Engie partage la déception des professionnels que vous évoquez, liée à une baisse d'ambition en matière de biogaz. Le gisement de biogaz en France est colossal. Une étude très sérieuse et exhaustive de l'ADEME, effectuée voici deux ou trois ans, montre que ce gisement dépasse nos besoins en biogaz. La question est de parvenir à mobiliser le monde agricole et à lui faire prendre conscience de l'intérêt de participer à cette nouvelle action collective de l'agriculture, impliquant de se rassembler pour acheminer si possible la ressource au point d'injection. Or ce n'est pas encore acquis dans le monde agricole. Il faut sensibiliser nos agriculteurs à cet enjeu, notamment pour éviter qu'ils fassent du recyclage direct sur les exploitations, avec des instruments peu efficaces, assez dangereux et qui nous empêcheraient collectivement, nationalement, d'atteindre cet objectif de 10 %. Un long chemin reste donc à parcourir. Engie va essayer de travailler avec les territoires, en s'appuyant sur les représentants du monde agricole, les chambres d'agriculture, voire les élus, pour convaincre les agriculteurs de s'impliquer dans cette action collective de récolte des matières nécessaires et mises en oeuvre des cultures correspondantes. Cette démarche permet en effet de procéder à des cultures intermédiaires, dans des territoires comme la Beauce où les champs, inutilisés une fois que le blé a été récolté, pourraient fort bien être mis à profit pour faire des cultures intermédiaires destinées au biogaz, qui présenteraient par ailleurs l'avantage de piéger l'azote. Cela suppose une véritable révolution du monde agricole et des pratiques culturales. Nous avons ainsi conclu une alliance avec l'Institut national de la recherche agronomique (INRA), afin de travailler sur les préconisations correspondantes.

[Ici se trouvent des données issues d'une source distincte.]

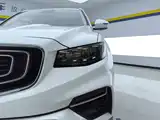 Photo 5 - Geely Atlas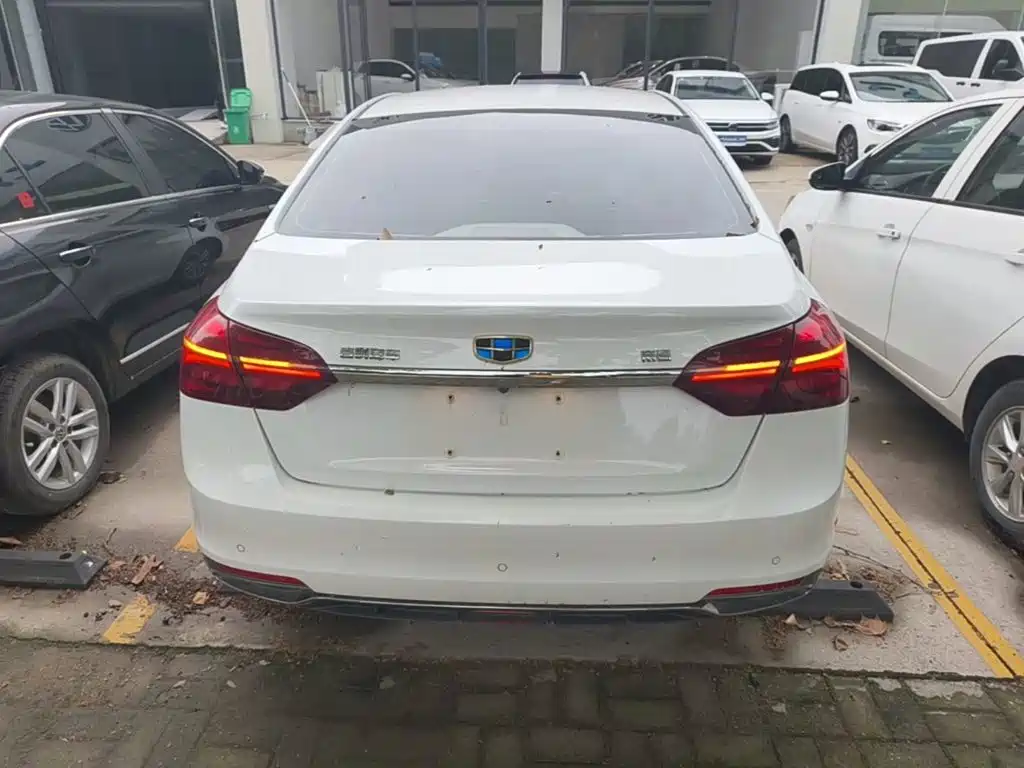 Geely Emgrand 2018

Nous sommes donc quelque peu déçus que l'ambition nationale ait été revue à la baisse, passant de 10 % à 7 %. Nous n'étions pas demandeurs de cette évolution. Cela cache manifestement une décision budgétaire, visant à limiter les coûts pour la collectivité ; un objectif de 10 % a dû paraître trop cher dans les arbitrages. Ce point de vue est respectable, mais à budget identique, notre conviction est qu'il faut mettre en oeuvre cette démarche en début de période, et ce afin de faire le plus possible la démonstration que cela fonctionne pour entraîner ainsi le monde agricole et disposer d'outils de moins en moins chers. Aujourd'hui, les méthaniseurs viennent presque tous d'Allemagne, alors que l'on pourrait en fabriquer en France. Il faut créer cette filière, sur le modèle de ce qui a été mis en oeuvre pour les turbines de l'offshore. Investissons l'argent au début, déclenchons une baisse des prix et nous pourrons ensuite aller plus facilement vers l'objectif des 10 %.
Il faut en outre avoir en tête l'existence d'une solution européenne, bien que la question n'ait pas encore été abordée à cette échelle : cela concerne le taux d'incorporation obligatoire. Je vous rappelle qu'a été créée partout en Europe l'obligation de mettre dans l'essence ou le diesel des voitures un peu de biocarburants. Peut-être faudra-t-il un jour pour le gaz parvenir également à une obligation d'incorporation de biogaz dans les réseaux gaziers, de manière à inciter sans subvention à la création d'une filière permettant de satisfaire cette obligation. Aujourd'hui, ce sujet ne peut être traité qu'à l'échelle européenne ; la France ne peut prendre une telle décision isolément, d'autant que les réseaux sont européens.